政治・経済

ビットコインのキーワード ブロックチェーンとマイニング

 ビットコインを理解しにくくしている要因の一つに中核技術であるブロックチェーンがある。

 ブロックチェーンとは分散型台帳技術とも呼ばれるが、取引記録をブロックと呼ばれるデータの単位に記録し、これをチェーンのように永続的につなげていくものだ。つまり過去の取引がすべて記されている。画期的なのはその記録の信用性の担保だ。

 一般的に取引などの記録は台帳に記され、その台帳は権威ある組織が管理する。例えば戸籍や不動産登記は国が管理し、死亡・誕生や売買などがあれば書き足していく。そしてその信用性は国が担保する。また融資や借金、送金などの記録は銀行が管理する。もし台帳が改竄されたら、自分の土地がいつの間にか他人の物になっているかもしれないのだから、管理は厳重だ。その分、台帳を維持するためには莫大なコストが掛かる。

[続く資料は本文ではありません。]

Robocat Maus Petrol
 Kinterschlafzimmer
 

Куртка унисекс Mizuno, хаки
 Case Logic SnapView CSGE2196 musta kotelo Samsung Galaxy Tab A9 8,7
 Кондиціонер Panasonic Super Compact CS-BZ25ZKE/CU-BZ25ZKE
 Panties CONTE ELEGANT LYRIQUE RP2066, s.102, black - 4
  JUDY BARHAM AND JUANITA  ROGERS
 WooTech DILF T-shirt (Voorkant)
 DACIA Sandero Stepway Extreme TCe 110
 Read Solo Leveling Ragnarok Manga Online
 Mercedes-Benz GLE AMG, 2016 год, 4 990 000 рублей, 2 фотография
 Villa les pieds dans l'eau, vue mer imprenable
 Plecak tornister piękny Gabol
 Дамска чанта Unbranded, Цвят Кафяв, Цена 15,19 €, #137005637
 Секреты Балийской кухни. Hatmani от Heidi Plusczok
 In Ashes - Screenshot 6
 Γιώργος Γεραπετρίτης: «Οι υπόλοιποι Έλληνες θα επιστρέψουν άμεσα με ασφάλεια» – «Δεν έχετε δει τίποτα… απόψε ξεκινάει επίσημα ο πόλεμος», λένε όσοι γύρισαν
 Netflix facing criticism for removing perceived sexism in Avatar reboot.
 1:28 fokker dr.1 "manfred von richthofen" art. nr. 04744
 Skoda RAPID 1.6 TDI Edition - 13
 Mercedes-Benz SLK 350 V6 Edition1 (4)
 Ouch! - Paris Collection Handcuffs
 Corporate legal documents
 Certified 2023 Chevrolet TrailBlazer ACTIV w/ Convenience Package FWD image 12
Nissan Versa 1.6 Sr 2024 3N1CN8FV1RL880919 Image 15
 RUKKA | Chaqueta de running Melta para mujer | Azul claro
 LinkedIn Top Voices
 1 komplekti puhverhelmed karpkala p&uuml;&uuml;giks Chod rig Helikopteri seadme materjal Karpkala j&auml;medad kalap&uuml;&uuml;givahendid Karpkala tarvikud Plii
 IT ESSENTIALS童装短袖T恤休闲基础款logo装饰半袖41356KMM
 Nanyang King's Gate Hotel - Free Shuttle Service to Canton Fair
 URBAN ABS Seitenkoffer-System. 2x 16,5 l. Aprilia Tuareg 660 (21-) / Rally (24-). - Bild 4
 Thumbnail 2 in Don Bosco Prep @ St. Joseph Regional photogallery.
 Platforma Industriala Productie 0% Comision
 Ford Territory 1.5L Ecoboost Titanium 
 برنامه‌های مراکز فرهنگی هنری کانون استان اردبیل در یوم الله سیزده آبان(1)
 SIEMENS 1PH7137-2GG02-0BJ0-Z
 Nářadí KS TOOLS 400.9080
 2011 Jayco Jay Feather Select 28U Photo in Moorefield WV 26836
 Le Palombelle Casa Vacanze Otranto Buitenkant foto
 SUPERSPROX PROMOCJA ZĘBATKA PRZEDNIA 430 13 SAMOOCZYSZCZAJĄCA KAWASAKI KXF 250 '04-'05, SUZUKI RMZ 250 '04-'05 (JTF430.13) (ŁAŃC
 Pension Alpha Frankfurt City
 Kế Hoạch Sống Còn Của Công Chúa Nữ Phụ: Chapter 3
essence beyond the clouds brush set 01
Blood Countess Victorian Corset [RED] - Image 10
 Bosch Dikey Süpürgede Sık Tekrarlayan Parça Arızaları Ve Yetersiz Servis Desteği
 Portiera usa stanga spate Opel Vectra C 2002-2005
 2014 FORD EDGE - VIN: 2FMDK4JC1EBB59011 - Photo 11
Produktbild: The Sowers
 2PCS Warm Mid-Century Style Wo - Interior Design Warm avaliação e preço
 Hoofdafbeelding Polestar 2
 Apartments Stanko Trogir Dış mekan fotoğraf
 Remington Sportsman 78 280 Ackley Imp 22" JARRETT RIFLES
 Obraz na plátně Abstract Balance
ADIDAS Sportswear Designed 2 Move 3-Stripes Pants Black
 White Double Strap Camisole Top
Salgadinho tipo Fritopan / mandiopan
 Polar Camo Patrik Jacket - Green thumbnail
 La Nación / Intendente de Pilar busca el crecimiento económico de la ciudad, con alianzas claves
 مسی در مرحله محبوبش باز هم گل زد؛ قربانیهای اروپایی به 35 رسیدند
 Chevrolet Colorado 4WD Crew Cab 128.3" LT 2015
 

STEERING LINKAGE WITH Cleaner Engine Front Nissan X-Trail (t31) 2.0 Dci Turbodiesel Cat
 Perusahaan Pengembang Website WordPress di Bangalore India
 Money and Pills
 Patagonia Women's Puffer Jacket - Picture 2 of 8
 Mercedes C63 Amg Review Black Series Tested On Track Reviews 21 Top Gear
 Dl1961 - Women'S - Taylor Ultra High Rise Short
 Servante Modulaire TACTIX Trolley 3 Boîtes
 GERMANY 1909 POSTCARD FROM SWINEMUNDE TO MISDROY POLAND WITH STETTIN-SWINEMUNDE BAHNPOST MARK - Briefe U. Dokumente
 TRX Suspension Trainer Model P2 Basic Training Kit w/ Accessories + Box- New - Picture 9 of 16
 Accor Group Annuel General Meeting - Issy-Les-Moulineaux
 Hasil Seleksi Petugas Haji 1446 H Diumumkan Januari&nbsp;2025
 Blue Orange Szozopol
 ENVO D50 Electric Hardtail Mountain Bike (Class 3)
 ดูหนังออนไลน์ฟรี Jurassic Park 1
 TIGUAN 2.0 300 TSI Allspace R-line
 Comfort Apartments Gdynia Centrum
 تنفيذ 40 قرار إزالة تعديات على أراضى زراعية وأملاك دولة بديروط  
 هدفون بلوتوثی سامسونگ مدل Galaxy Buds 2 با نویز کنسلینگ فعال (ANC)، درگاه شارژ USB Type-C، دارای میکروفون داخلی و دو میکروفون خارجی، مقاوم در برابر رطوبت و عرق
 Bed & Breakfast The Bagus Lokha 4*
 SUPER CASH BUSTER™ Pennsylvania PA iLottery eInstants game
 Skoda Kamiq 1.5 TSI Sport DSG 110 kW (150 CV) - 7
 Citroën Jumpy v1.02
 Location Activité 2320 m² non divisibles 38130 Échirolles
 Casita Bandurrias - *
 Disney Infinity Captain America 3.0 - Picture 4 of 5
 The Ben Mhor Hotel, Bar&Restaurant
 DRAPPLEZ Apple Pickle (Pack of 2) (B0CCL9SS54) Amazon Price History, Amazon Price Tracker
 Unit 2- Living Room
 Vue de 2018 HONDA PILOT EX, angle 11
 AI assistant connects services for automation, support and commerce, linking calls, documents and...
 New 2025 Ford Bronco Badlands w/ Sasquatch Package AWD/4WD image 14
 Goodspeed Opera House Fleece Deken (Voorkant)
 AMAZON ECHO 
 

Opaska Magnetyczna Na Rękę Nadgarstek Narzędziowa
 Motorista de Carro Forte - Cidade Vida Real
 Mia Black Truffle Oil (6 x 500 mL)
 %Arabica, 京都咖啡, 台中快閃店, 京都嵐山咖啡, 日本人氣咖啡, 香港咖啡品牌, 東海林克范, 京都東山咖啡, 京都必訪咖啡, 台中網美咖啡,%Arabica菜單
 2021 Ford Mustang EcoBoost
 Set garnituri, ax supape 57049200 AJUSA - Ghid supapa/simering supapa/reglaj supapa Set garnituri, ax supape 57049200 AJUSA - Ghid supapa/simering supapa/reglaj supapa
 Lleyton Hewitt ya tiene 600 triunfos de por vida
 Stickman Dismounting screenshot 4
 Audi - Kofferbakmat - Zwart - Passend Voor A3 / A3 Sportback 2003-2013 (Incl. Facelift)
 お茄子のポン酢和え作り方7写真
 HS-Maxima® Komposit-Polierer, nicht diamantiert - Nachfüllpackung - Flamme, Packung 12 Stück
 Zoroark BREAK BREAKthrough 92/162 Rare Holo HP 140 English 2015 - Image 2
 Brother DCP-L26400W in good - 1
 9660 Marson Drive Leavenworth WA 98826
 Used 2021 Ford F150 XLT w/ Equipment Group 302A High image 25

 ブロックチェーンの場合、この台帳がない。記録はすべてクラウド上にある。その信用を担保するのが相互認証だ。取引記録をP2Pネットワークを利用し、不特定多数が相互認証する。記録を改竄しようとすると、ネットワークにつながるすべての記録を変えなければならないので、事実上不可能だ。これにより、ブロックチェーンは管理者がいなくても記録の信用性が保証される。

 もうひとつ、ビットコインを分かりにくくしているのがマイニングだ。マイニングとはもともと金などの採掘を意味している。

 ブロックチェーンは相互認証が信用の根源だが、認証してもらうにはニンジンが必要だ。それがマイニングである。仮にビットコインで送金すると、その記録をP2Pネットワークにつながっているコンピュータは検証を始める。この検証には膨大な計算が必要だが、一番最初に検証したマイナー(発掘者)には、新規のビットコイン12.5BTC(約600万円)が報酬として与えられる。マイナーたちは、この報酬を目指して、検証すなわち認証行為に汗を流す。

 必要なのはスピードで、それはひとえに半導体の能力にかかっている。73ページでGMOインターネットがマイニング事業に参入したと記したが、それはマイニング専用の半導体開発にメドがついたためだ。

 もうひとつマイニングで重要なのは電気代だ。マイニングで高速に計算するためには複数のサーバーをつなげる必要があるため、電気代も莫大に掛かる。日本でマイニングをしようとしても電気代がネックになる。今マイニングの大半が中国で行われているが、これは電気代が安いためだ。GMOもマイニングのために電気代の安い北欧にセンターを建設するという。

 もっともビットコインの場合、報奨金の上限が2100万BTCと決められており、現在までに約1600万BTCが発行された。報酬は作成されたブロックの数21万に達するたびに半減することが決まっており、既に2回、半減された。今後も半減期を繰り返しながら報酬を発行し続けた場合、2140年頃に採掘しつくす計算だ。その時まで、マイナーたちの戦いは続く。